Configuring the Proxy

As the name implies, proxymock is a proxy which works by routing traffic from your application through proxymock before it goes to the final destination.

warning

99% of the time proxy configuration does not require a code change, but some HTTP client libraries have their own proxy configuration that may override or ignore environment variables. Check the documentation for your specific library.

Record inbound traffic by setting the --app-port flag and making requests to port 4143 instead of your application's port.

When to use --map

Use --map when your client ignores proxy environment variables or when it is easier to point the client at a different host and port than configure proxy support.

Pick your recording mode like this:

  • HTTP, HTTPS, or gRPC clients that honor proxy environment variables: set HTTP_PROXY, HTTPS_PROXY, and grpc_proxy
  • Clients that support SOCKS: set ALL_PROXY
  • Clients that ignore proxy environment variables or use raw TCP protocols such as Redis: use proxymock record --map

Examples on this page follow the casing conventions commonly used by each runtime.
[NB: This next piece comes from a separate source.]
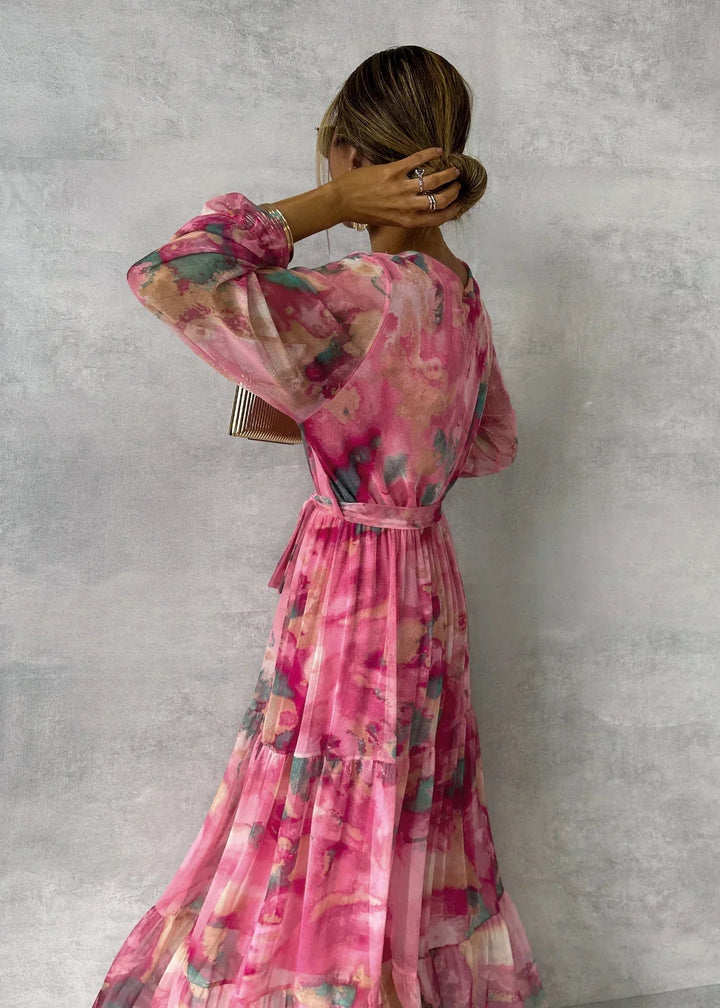 Stylish pink floral wrap maxi dress for women, a beautiful long sleeve V-neck design for summer occasions.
The CLI reference uses lowercase shell examples, and many proxy-aware clients accept uppercase and lowercase variants.

--map tells proxymock to listen on a local port and forward traffic to the real backend. Then point your application at the mapped port instead of the real service.

For example, to record Redis traffic, start proxymock with a port mapping and point your app at that mapped port:

proxymock record --out ./proxymock --map 56379=127.0.0.1:6379
export REDIS_ADDR=127.0.0.1:56379
./my-app

If the backend protocol matters, you can also include it explicitly:

proxymock record --map 65432=postgres://localhost:5432
proxymock record --map 1443=https://httpbin.org:443

For more database examples, see the MySQL guide and PostgreSQL guide.

Go respects proxy environment variables.

export HTTP_PROXY=http://localhost:4140
export HTTPS_PROXY=http://localhost:4140
export NO_PROXY=localhost,127.0.0.1

Use the SOCKS proxy to capture database traffic:

export ALL_PROXY=socks5://localhost:4140

Decrypting TLS

proxymock attempts to automatically configure TLS on the desktop so manual configuration is only necessary in special environments like CI/CD or when TLS decryption does not work out of the box.

Commands and flags should be run in the environment where your application is running.

export SSL_CERT_FILE="${HOME}/.speedscale/certs/tls.crt"

Go applications using OpenSSL will respect the SSL_CERT_FILE environment variable to locate trusted root certificates. This environment variable will be automatically populated by the Speedscale operator.